Some experts argued the cost cuts were not deep enough.
Spending on R&D and staff across VW’s automotive operations has been growing for years with the need to overhaul the cost base dating back to before the diesel emissions scandal broke 14 months ago.
“The deal may be the best the company could negotiate with labor but it’s not a victory for either side,” said Erik Gordon, a University of Michigan business professor.
"The cuts are too small to make VW cost competitive with Toyota 7203.T and other global rivals."
With 610,000 workers globally, VW last year built slightly fewer vehicles than Toyota which has 350,000 staff. The German company has also been slow to cease production of unprofitable vehicles in its 340-model range.
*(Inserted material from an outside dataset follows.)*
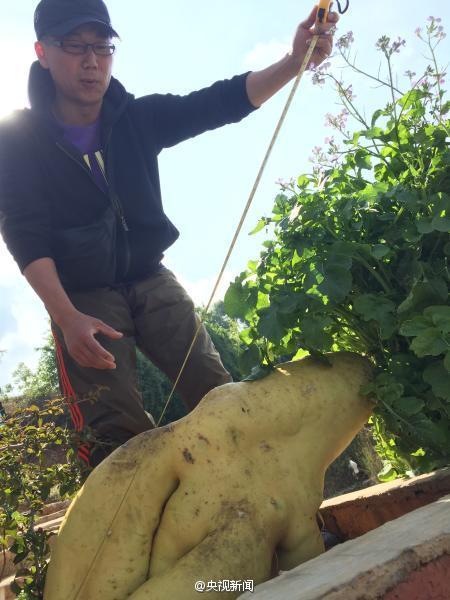 ??? ??1.2m ??15kg ?? ? ??? 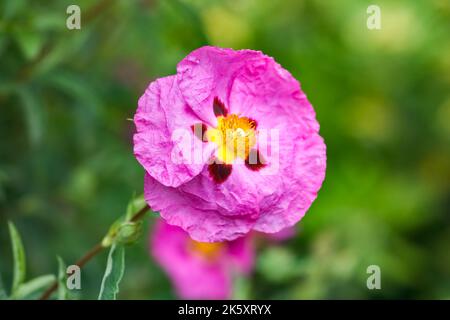 Eine rosa Zistrose im Garten im Sommer, Makro Stockfoto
VW’s labor leaders said management had agreed to avoid forced redundancies in Germany until 2025, a step which clears the way to cutting 23,000 jobs via the more palatable methods of buyouts, early retirements and reducing part-time staff.
Jobs will also be cut in North America, Brazil and Argentina, VW said, without being more specific. Around 120,000 employees work for VW brand in Germany including 6,000 temporary staff.
Many analysts and investors nonetheless welcomed the deal, sending the shares more than 2 percent higher to the top of the blue-chip DAX .GDAXI index in early Frankfurt trading. At 1324 GMT (8:24 a.m. ET), the stock was still trading up 0.8 percent at 118.5 euros.
Activist hedge fund TCI, which has been critical of Volkswagen management, said it looked like a good deal all round provided it could be made to stick.
“As long as they are net savings – the savings are not given back by increased costs elsewhere in the organization,” said TCI partner Ben Walker.
“They’ve just to deliver now. It’s easy to talk. They now have to deliver and execute,” he added.
Labor leaders were pleased with the outcome.
“The most important message is the jobs of the core workforce is secure,” VW’s works council chief Bernd Osterloh said at the news conference in Wolfsburg, where the company has its headquarters.
Management and labor agreed to outsource production of plastic parts from the German Braunschweig plant but will compensate workers by assigning more orders for chassis and steering assembly needed with rising investment in self-drive cars.
In a further sign of its shifting focus, VW said it will build electric cars at its German factories in Zwickau and Wolfsburg.
Electric motors will be built in Kassel, and VW will start battery cell production and development in Salzgitter.
Volkswagen will also build battery packs for electric and hybrid cars in Braunschweig, it said.